中に入ったらそこは立ち入り禁止だった。たぶんエスカレータじゃないかな?
このビルは2012年にできたばっかりで、古色蒼然とした上野の国立科学博物館がかわいそうになる。中身のほうもたいしたもの。生物史、生体、宇宙、地球、ライフサイエンス、エネルギー、鉱物、科学技術開発等の展示場があるが、どれも立派である。
それらから、特に興味を持ったものについて下記に示す。なお本当は宇宙の展示について書きたかったが、だいぶ変わってしまったようなのでやめた。
1.生物史のうち恐竜展示
まっさらの大ホールに大型恐竜や小型恐竜の骨格が並んでいる。非常にうまく骨格が組んであり、大型草食恐竜をチラノザウルスが襲おうとするように組んである。翼竜や魚竜の展示もある。周辺に哺乳類の骨格も並んでいる。
大型草食恐竜とチラノザウルス (前からおよび後ろから)
魚竜 および 翼竜
アメリカはロッキード山脈の中に恐竜の化石の産地があるが、それでもこれだけ集めて展示しているのはすごいと思った。小さなころの内の息子なら、きっとここで一日いても飽きないだろう。
映画 ジュラシックワールドに出てくる恐竜、また最近の恐竜から鳥への進化を考察した展示もあった。
ジュラシックワールドにも出た恐竜
羽根をもつ恐竜 および ペリカンの骨格
2.エネルギー
石油掘削の本場だけに、エネルギーの中で石油掘削技術を丁寧に説明している。
3.鉱物
石油に絡んで地面を掘るということが多かったせいか、テキサスは鉱物の産地のようで、世界一のサイズのテキサス産の鉱物などが展示されている。ダイヤモンド産地のアーカンソー州は隣である。
テキサスで発見された子供大の晶洞石
4.科学技術開発
電子制御および医療機器について力を入れているようで、レベルの高い展示や実習をする体制が整っていた。
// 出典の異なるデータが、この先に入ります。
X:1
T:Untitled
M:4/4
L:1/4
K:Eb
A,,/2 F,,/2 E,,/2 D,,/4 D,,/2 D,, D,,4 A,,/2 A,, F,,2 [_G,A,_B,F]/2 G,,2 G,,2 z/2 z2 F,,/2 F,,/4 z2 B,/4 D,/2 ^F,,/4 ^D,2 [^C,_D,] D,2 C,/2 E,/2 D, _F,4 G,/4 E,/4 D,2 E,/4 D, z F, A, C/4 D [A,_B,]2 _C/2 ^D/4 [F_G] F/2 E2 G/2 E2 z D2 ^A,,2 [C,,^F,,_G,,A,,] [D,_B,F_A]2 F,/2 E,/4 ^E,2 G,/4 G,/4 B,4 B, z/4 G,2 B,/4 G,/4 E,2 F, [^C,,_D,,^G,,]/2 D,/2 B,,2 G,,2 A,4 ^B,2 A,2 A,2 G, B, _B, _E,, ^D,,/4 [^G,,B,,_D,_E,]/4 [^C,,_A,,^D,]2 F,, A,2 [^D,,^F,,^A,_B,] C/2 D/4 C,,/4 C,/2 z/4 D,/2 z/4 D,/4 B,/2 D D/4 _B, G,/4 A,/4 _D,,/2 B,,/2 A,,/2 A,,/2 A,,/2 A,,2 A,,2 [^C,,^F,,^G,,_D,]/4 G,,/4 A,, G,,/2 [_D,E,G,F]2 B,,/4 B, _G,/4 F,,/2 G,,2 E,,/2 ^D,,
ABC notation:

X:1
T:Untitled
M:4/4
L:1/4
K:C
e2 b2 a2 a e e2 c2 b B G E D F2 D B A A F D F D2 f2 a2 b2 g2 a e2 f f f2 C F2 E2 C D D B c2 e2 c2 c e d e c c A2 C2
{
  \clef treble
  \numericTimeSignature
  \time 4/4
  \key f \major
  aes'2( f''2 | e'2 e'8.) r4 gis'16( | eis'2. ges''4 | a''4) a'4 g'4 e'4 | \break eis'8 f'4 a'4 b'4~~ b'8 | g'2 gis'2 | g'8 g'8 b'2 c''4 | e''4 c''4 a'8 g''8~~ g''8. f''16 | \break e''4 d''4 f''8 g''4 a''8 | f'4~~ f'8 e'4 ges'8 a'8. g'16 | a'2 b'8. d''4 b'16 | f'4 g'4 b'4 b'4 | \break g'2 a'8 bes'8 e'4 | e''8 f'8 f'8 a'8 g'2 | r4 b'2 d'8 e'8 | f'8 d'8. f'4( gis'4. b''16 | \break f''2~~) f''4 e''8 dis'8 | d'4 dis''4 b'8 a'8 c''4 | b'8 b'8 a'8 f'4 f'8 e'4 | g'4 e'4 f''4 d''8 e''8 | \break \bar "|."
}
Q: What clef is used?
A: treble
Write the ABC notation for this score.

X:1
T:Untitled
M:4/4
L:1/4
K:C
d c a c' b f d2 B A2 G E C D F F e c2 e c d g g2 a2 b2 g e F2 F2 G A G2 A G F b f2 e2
ウィークデイの午前にも関わらず、電子制御では子供が大人と作業を実施していた。
電子制御実習エリア 医療機器展示
5.科学技術館の役割について
この科学技術館が立派だったので、こういった展示館の役割について考えてみた。(4)は、子供むけだが、(4)は大人向けである。
たぶん役割としては、下記が考えられる。
(1)知る喜びを伝え、驚きを演出する。
(2)知りたいという意欲を継続させる。
(3)自ら、新しいことを始めることを支援する。
(4)大人が自らの知識を子供たちに伝える、喜びの場を作る。
(1)、(2)、(3)は、展示する内容が異なる。 日本の場合、小さな子供たちに妥協しすぎて、すべてを簡単にして結局一過性になりがちであるが、ここの場合、易しいことから難しいことまで、うまくバランスをとっており、小学校から高校くらいまで年代が上がっても興味を持たせる展示になっていた。なんといっても(1)に関し、恐竜の充実した展示は素晴らしい。
それとともに技術開発のところの電子機器類とスタッフが充実しているようで、少年たちが手を出しやすい環境を作っていた。
大人にとっても、十分驚きの得られる展示があった。それだけでなく(4)に関わるが、テキサスという場所では石油、鉱物、宇宙、牧畜といった産業の人がいるが、その人たちが子供に自分の産業の話ができるしかけを作っていた。
アメリカの他の科学館も見ているが、青少年をひきつける場としては日本と大差がある。 刺激を受けて、伸びようとする子供はどんどん伸びていく環境があるなと思った。